Chasing those high returns is eating away your 401(k) contributions. Funds that try to outperform the market, also known as actively managed funds, generally have higher fees than those that seek to simply track market performance, known as index funds.

While investing in index funds may sound like a boring investment strategy, consider these three facts:

  • While the average expense ratio for actively managed U.S. mutual funds is 1.32%, the Vanguard Total Stock Market Index (VTSMX), the largest index mutual fund, charges just 0.17% per year.
  • Warren Buffett's will stipulates that 90% of his assets be invested in a very low-cost S&P 500 index fund.
  • Mad Money's Jim Cramer has gone on the record about the benefits of index investing: "After a lifetime of picking stocks, I have to admit that Bogle's arguments in favor of the index fund have me thinking of joining him rather than trying to beat him." John "Jack" Bogle, the founder of Vanguard, has championed low-cost index investing since the 1970s.

2. Stop Playing Stock Trader

Would you hire a plumber to fix your car?

Definitely not!

So, why are you insisting on trading the stocks and accounts in your 401(k)?
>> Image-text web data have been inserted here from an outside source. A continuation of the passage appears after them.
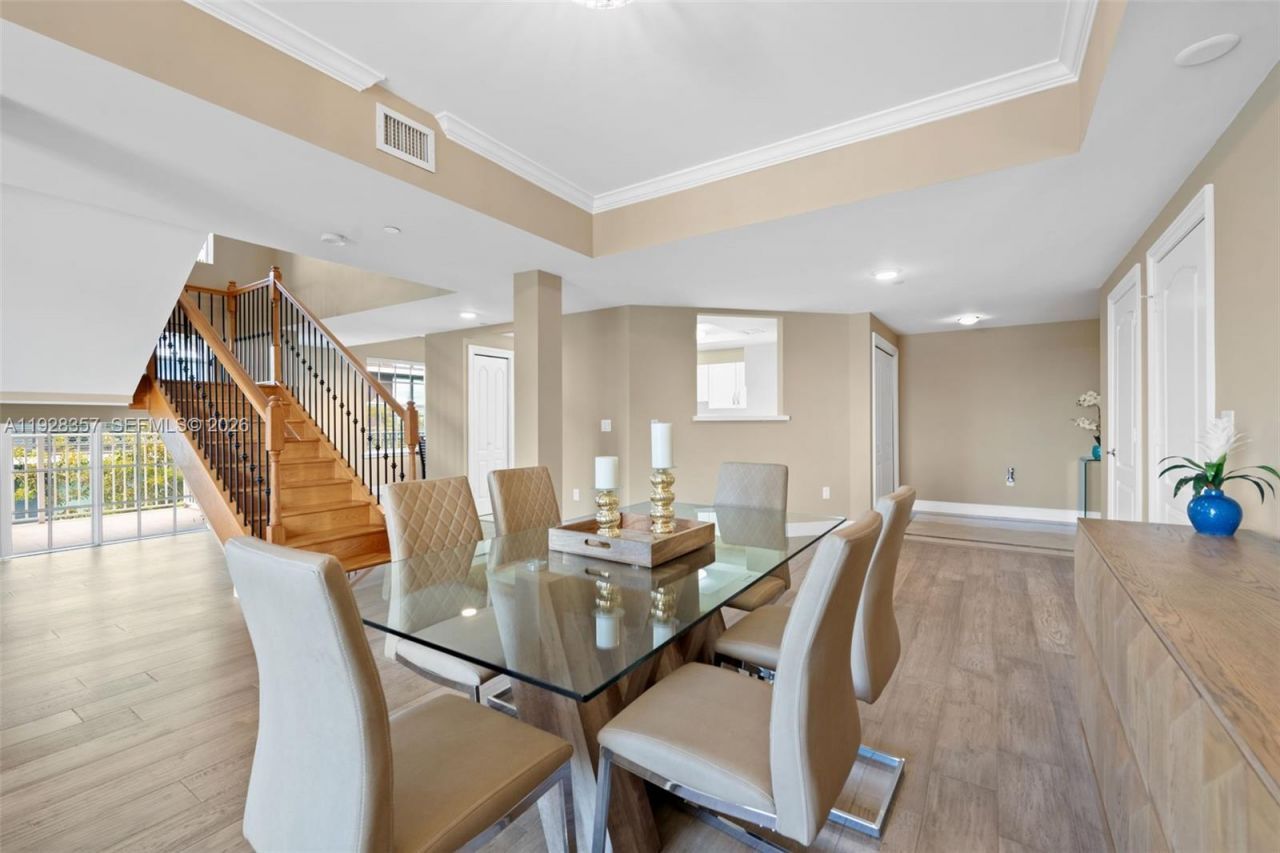 110 Hendricks Isle , Unit 10, Fort Lauderdale, FL 33301 Photo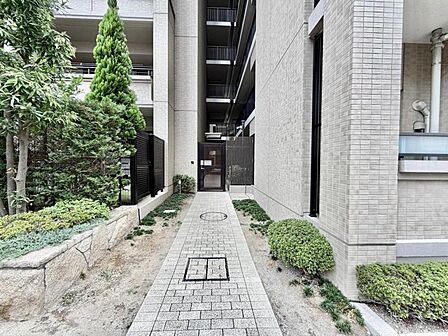 【共有部分】しっかりと管理が行き届いており、いつも共用部は綺麗に保たれています。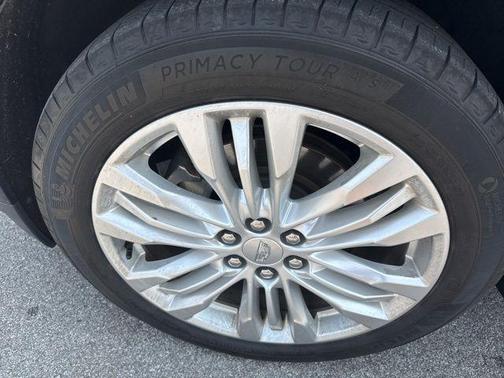 2019 Cadillac XT5 Premium Luxury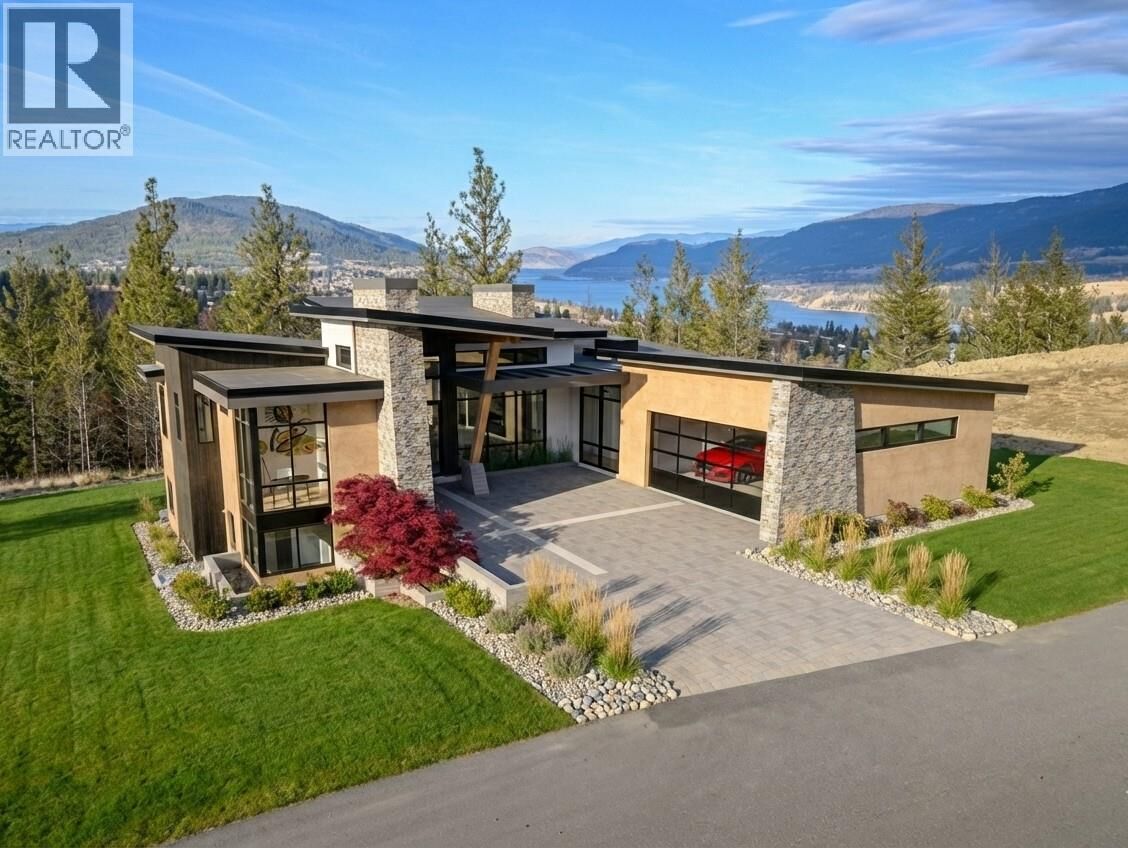 Property Photo:  46 Beacon Hill Drive  BC V4V 0A9 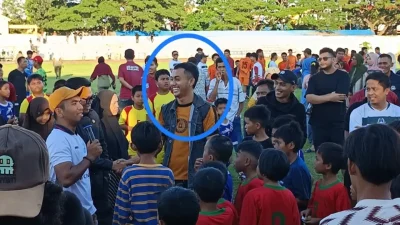 Pengurus Askab PSSI Bulukumba memenangkan doorprize motor baru di stadion mini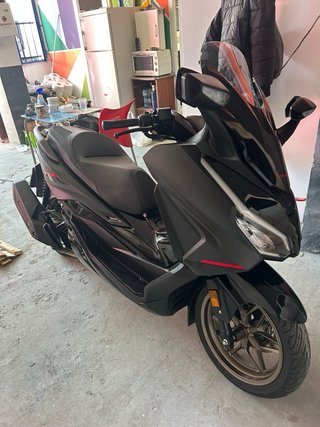 Honda Forza 125 Negra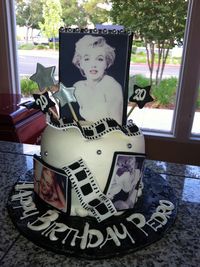 Marilyn Monroe by Royalty_Cakes, via Flickr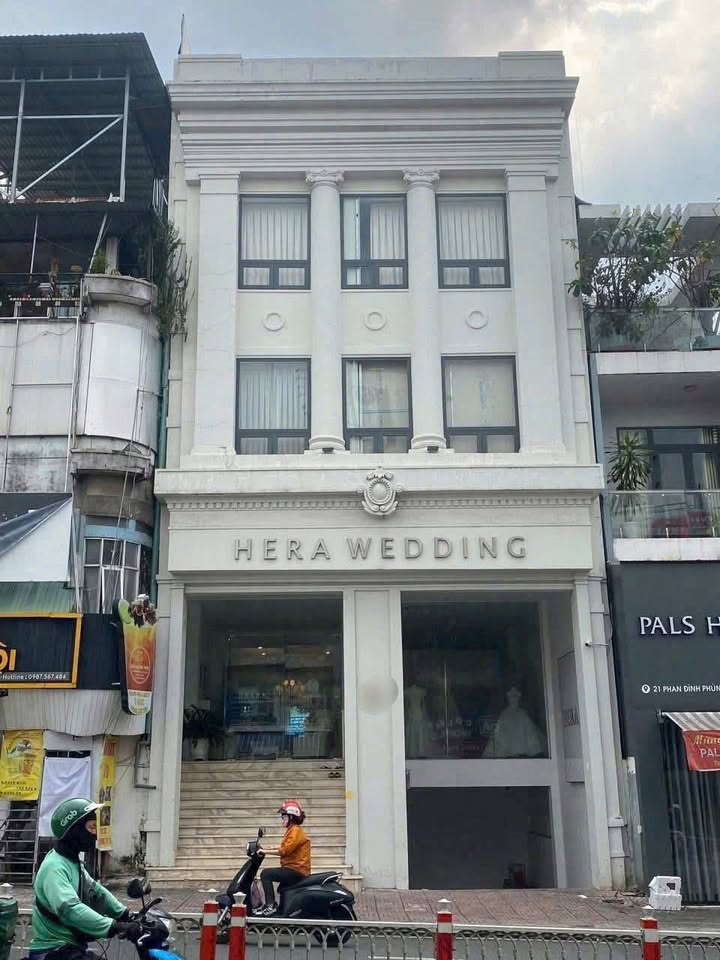 FrontHouse Phan Đình Phùng, Phú Nhuận 156m² giá 43 tỷ - Vị trí đắc địa hiếm có!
A nationwide survey of 401(k) participants found that:

  • 52% of American workers find explanations of their 401(k) investments more confusing than explanations of their health care benefits;
  • 46% don't know what their best investment options are; and
  • 34% feel a lot of stress over allocating their 401(k) monies.

If you're still unconvinced about the negatives of actively trading your account, remember that the average actively managed mutual fund has an average annual return of 2% less than that of the stock market. A sample of self-directed account holders showed that 76% of their account returns underperformed the S&P, and 72% underperformed the core model of their plans.

On top of that, some 401(k) plans may charge you additional fees for self-directed brokerage options. Now that's a double whammy for playing stock trader. Instead, request a one-on-one appointment with your plan's administrator (over half of retirement plans offer individual investment advice) to go over your retirement saving strategy, and stick to it. (See also: This Is the Basic Intro to Having a Retirement Fund That Everyone Needs to Read)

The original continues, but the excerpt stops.